Cette organisation est la clé de la réussite du groupe. Mais elle n’est pas simple à obtenir. « Le prix de l’indépendance », dvd sorti fin 2004 montre les coulisses de cette organisation. « On a sorti ce dvd pour montrer aux gens comment on s’est structuré, que ça a été long et difficile. Au Havre, on nous voit comme des stars. Parce qu’on brille un petit peu, tout le monde a le regard fixé sur nous. Mais en réalité on galère encore aujourd’hui. L’indépendance, c’est soit ça tourne soit tu coules, faut que tu produises. Beaucoup de personnes nous reprochent d’avoir le monopole au Havre, mais on est parti de rien. Ils n’ont qu’à faire comme nous : se bouger et avancer. Nous devancer même s’il le faut, le gâteau est assez grand, tout le monde peut manger. Les gens croient qu’on rigole, qu’on fait de la batterie dans un garage. Moi demain si je ne sors pas d’album je ne mange pas, je ne peux plus payer le loyer. Mais bon quoi que tu fasses il y aura toujours des gens qui viendront te trouver des problèmes. C’est ce qui se passe pour Din records. Quand tu brilles un petit peu ça attire tous les regards et tous les regards ne sont pas bons, car certains te regardent avec le mauvais œil ».
Lire un livre ou marquer des buts
L’actualité Din records c’est la sortie du troisième album de La Boussole : « Le savoir est une arme ». Un rappel qui traverse le paysage rapologique français en lui donnant une conscience dans la pureté de l’attitude, la violence du débit et la maturité du propos. L’album aborde des thèmes qui tournent autour du savoir. « Dans cet album on a essayé tout simplement de faire comprendre que lorsqu’on a le savoir on détient une arme. Il faut connaître ses forces et ses faiblesses, être au courant de son histoire… Quelqu’un de fort c’est quelqu’un qui sait beaucoup de choses et qui sait les utiliser. On est à une époque où on délaisse les livres car on préfère marquer des buts ». Cet album s’adresse aussi bien « aux miskines des continents qu’on éventre », qu’à ceux qui nous diabolisent et « qui prennent un cas extrême pour généraliser ». Mais ils nous préviennent « On ne fait pas de prosélytisme, on ne met pas notre appartenance religieuse au premier plan dans nos textes, d’ailleurs on ne parle pas que d’Islam. Mais comment ne pas parler d’un truc que l’on pratique au moins cinq fois par jour. C’est notre quotidien ».

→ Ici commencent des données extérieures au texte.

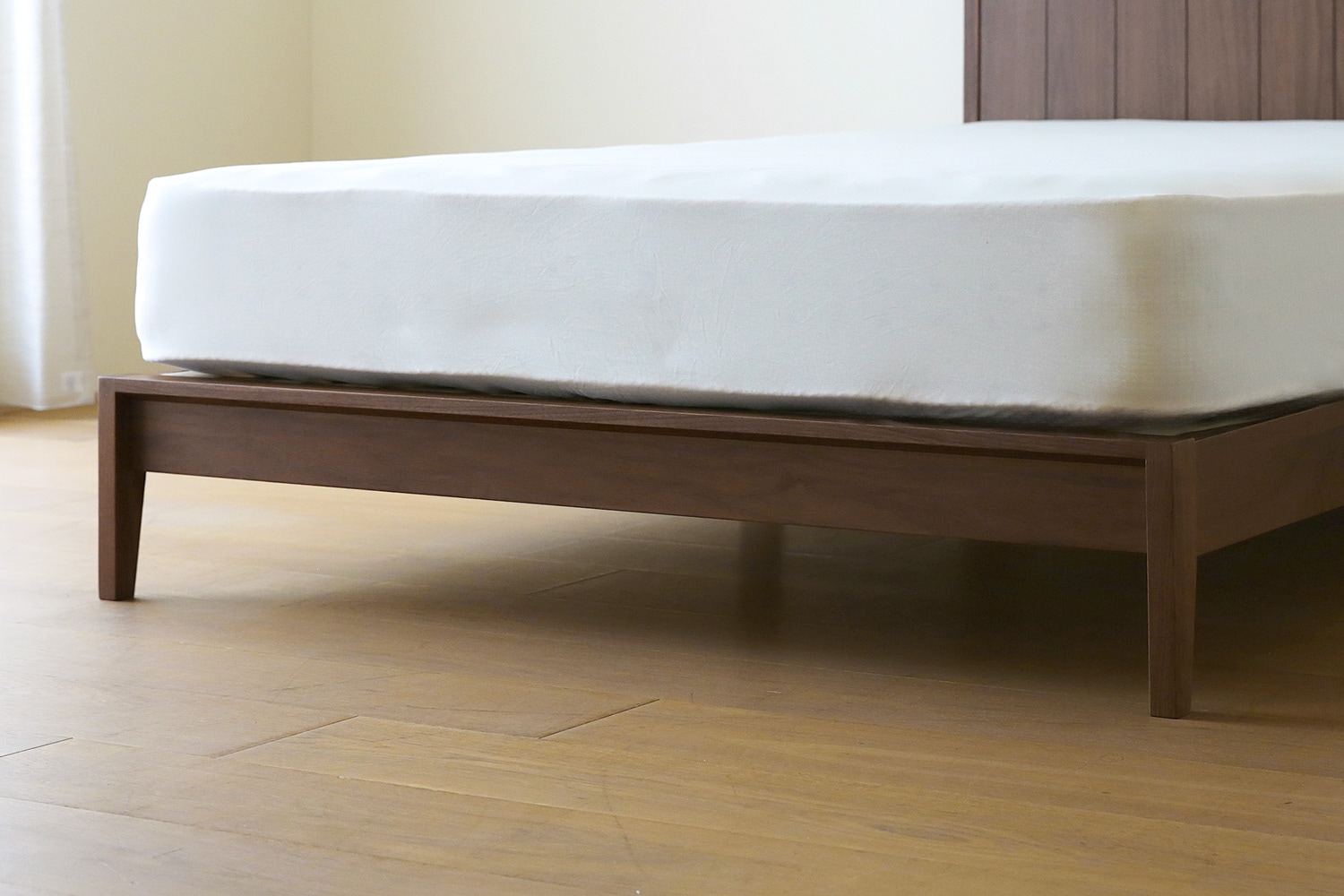 THOMSON BED トムソン セミダブル ウォルナット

Le rap est un moyen de faire passer un message « C’est le son qui nous suit et pas l’inverse » nous disent-ils dans l’album. Un certain rap parle souvent de sexe, d’alcool et de drogue. La drogue des artistes de Din Records est la foi. C’est comme un plus qui les lie entre eux, un lien qui se prolonge au-delà de la musique : « Le monde de la musique est spécial car si tu n’es pas guidé ou bien entouré tu peux vite prendre la grosse tête et partir en vrille. C’est pourquoi nous faisons du rap conscient. Après, au niveau du message, nous n’avons pas forcément besoin de dire que nous sommes musulmans tant que ce que nous voulons dire passe ».
Prochaines sorties de Din Records : un album de Samb, un deuxième de Médine, et une nouvelle version de « Bouchées doubles ».